Walt Whitman removed this verse from later editions of his “Calamus” cycle, but here it is, as it appeared in the first, 1860 edition:

Long I thought that knowledge alone would suffice me—O if I could but obtain knowledge!
Then my lands engrossed me—Lands of the prairies, Ohio’s land, the southern savannas, engrossed me—For them I would live—I would be their orator;
Then I met the examples of old and new heroes—I heard of warriors, sailors, and all dauntless persons—And it seemed to me that I too had it in me to be as dauntless as any—and would be so;
And then, to enclose all, it came to me to strike up the songs of the New World—And then I believed my life must be spent in singing;
But now take notice, land of the prairies, land of the south savannas, Ohio’s land,
Take notice, you Kanuck woods—and you Lake Huron—and all that with you roll toward Niagara—and you Niagara also,
And you, Californian mountains—That you each and all find somebody else to be your singer of songs,
For I can be your singer of songs no longer—One who loves me is jealous of me, and withdraws me from all but love,
With the rest I dispense—I sever from what I thought would suffice me, for it does not—it is now empty and tasteless to me,
I heed knowledge, and the grandeur of The States, and the example of heroes, no more,
I am indifferent to my own songs—I will go with him I love,
It is to be enough for us that we are together—We never separate again.
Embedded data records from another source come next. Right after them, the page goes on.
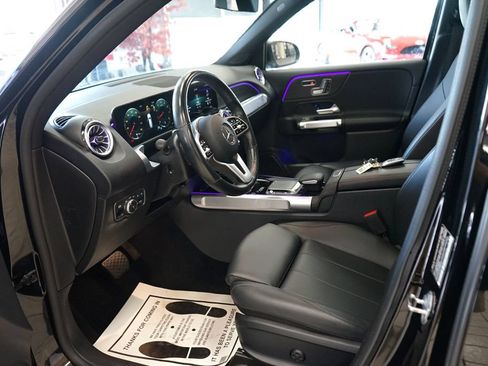 Used 2023 Mercedes-Benz GLB 250 4MATIC w/ Premium Package image 26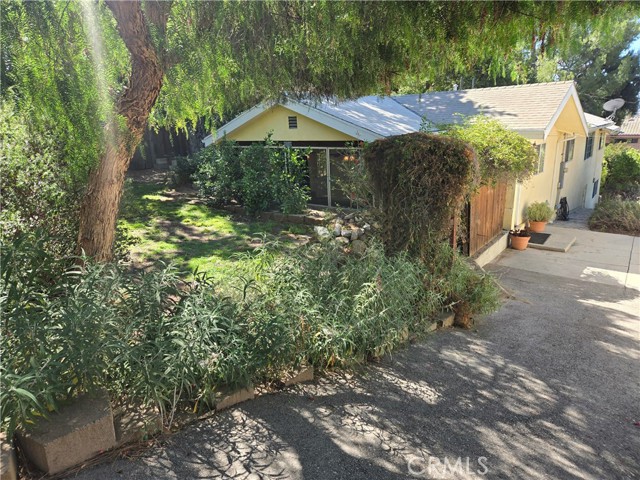 Property photo of 23329 Raymond ST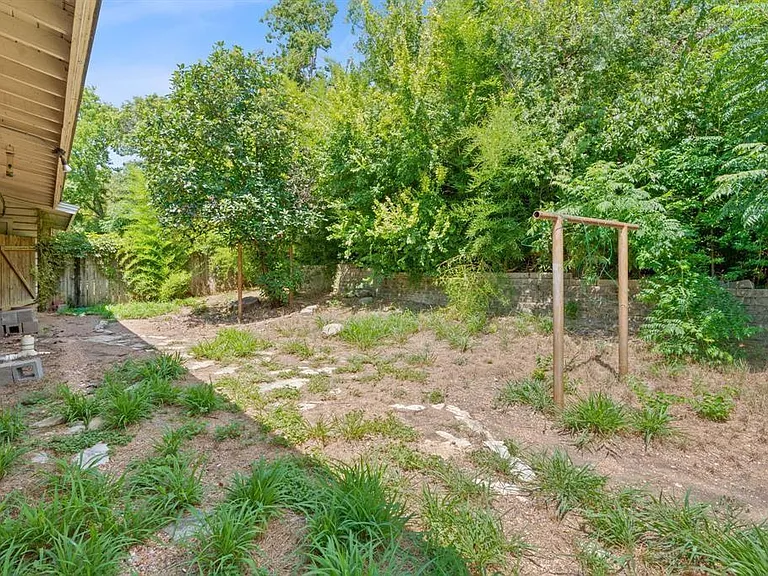2205 Alta Vista Ave #2205 — Photo 18
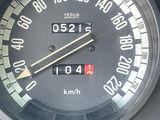un gros plan sur le compteur de vitesse d'une voiture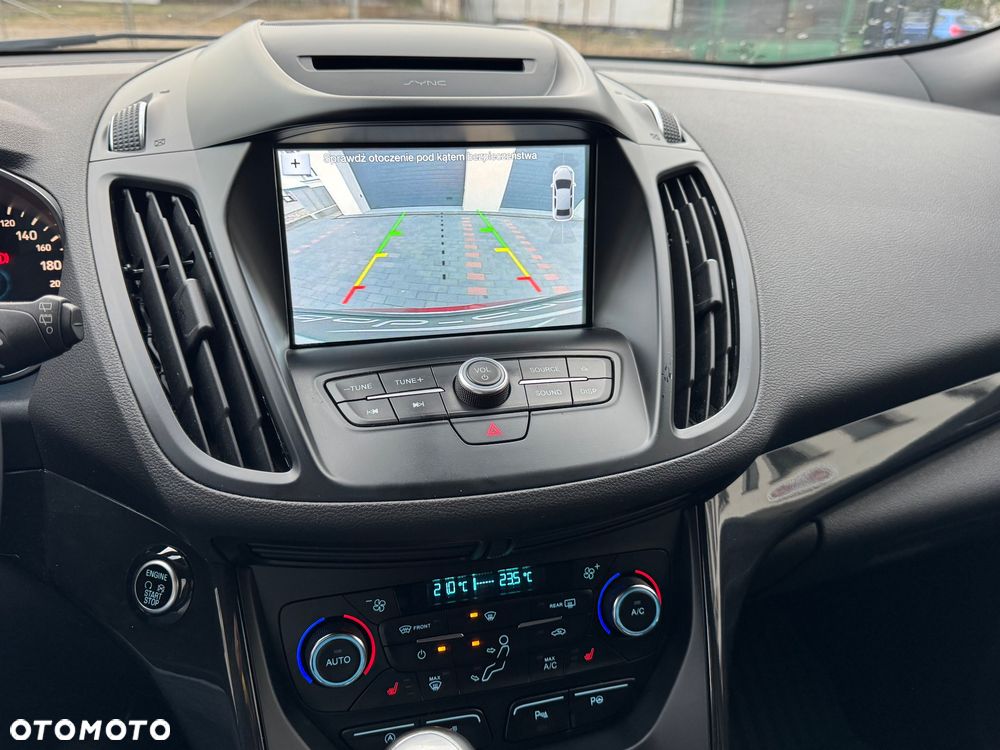 Ford Kuga 1.5 EcoBoost 2x4 ST-Line - 28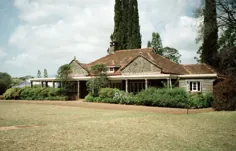 خانه کارن بلیکسن در "خارج از آفریقا" - قلاب در خانه ها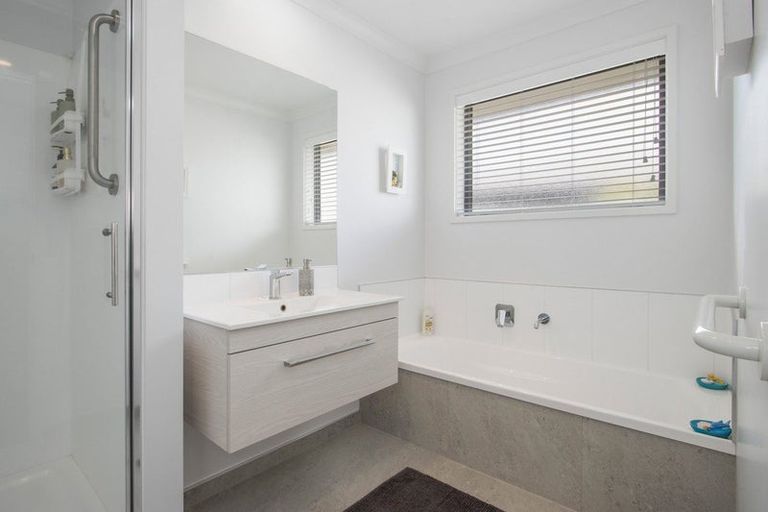 Photo of property in 1 Vantage Place, Omokoroa, 3114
Symonds first heard of Whitman when he went to visit FWH Myers (ODNB) in Cambridge in 1865. The two were sitting in Myers’ rooms at Trinity, and Myers read this verse aloud to Symonds. That moment changed the life of the 22-year-old budding scholar, who much later would write that, “had it not been for the contact of his fervent spirit with my own, the pyre ready to be lighted, the combustible materials of modern thought awaiting the touch of the fire- bringer, might never have leapt up into the flame of lifelong faith and consolation.”

Reading this poem again, it’s really not hard to see why.